America’s enduring appetite for Trump’s deportation cruelty
Most Americans know the names of Alex Pretti and Renee Good, two unarmed American citizens who were killed in January by federal immigration agents in Minneapolis because they dared to help the human targets of Donald Trump’s cruel policies. Their moral stand against injustice led to their deaths.
Many others have also suffered because of the Trump administration’s policies. We must never forget their names. They are real human beings and not collateral damage. Power and policy are not abstractions — they hurt real people’s bodies, minds and lives, and the well-being of the larger community.
On Feb. 26, Nurul Amin Shah Alam, a nearly blind Rohingya refugee from Myanmar who spoke little English, was found dead on a street in Buffalo, New York. Reported missing on Feb. 19, he was dropped off by Border Patrol agents at a coffee shop, on a cold day, alone. He had no shoes, only the orange booties given to him at a detention center.
Alam was in the country legally, but he had been detained for almost a year in the Erie County jail and released on a misdemeanor plea deal. Border Patrol took him into custody and determined they could not legally deport him. He had been arrested after a minor altercation with police; Alam was apparently too confused to follow their orders.
His son told Reuters that his father could not read, write or use electronic devices. The family lives on the other side of the city, miles away from the coffee shop. After releasing him, Border Patrol apparently did not attempt to contact Alam’s family or his attorney.
Buffalo Mayor Sean Ryan told CNN that Alam’s death embodies “bad policing [and] bad human beings.” The behavior of the federal agents, he said, was “inhumane” and an example of “why we do not cooperate with ICE, Homeland Security and Border Patrol.”

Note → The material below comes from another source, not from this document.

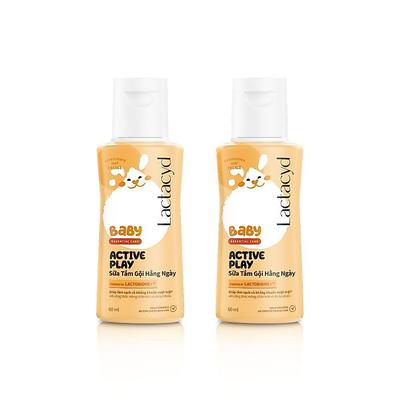 [Quà tặng không bán] Bộ 2 chai Sữa Tắm Gội Trẻ Em Lactacyd Active Play 60ml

In a statement to the Daily Beast, Customs and Border Protection said that Alam “showed no signs of distress, mobility issues, or disabilities requiring special assistance” and was left at “a warm, safe location near his last known address.” The Trump administration is supposedly “investigating” Alam’s premature death. Whatever the finding may be, bureaucratic legalese will not bring him back to life, and Border Patrol’s callous actions are part of a much larger pattern of behavior.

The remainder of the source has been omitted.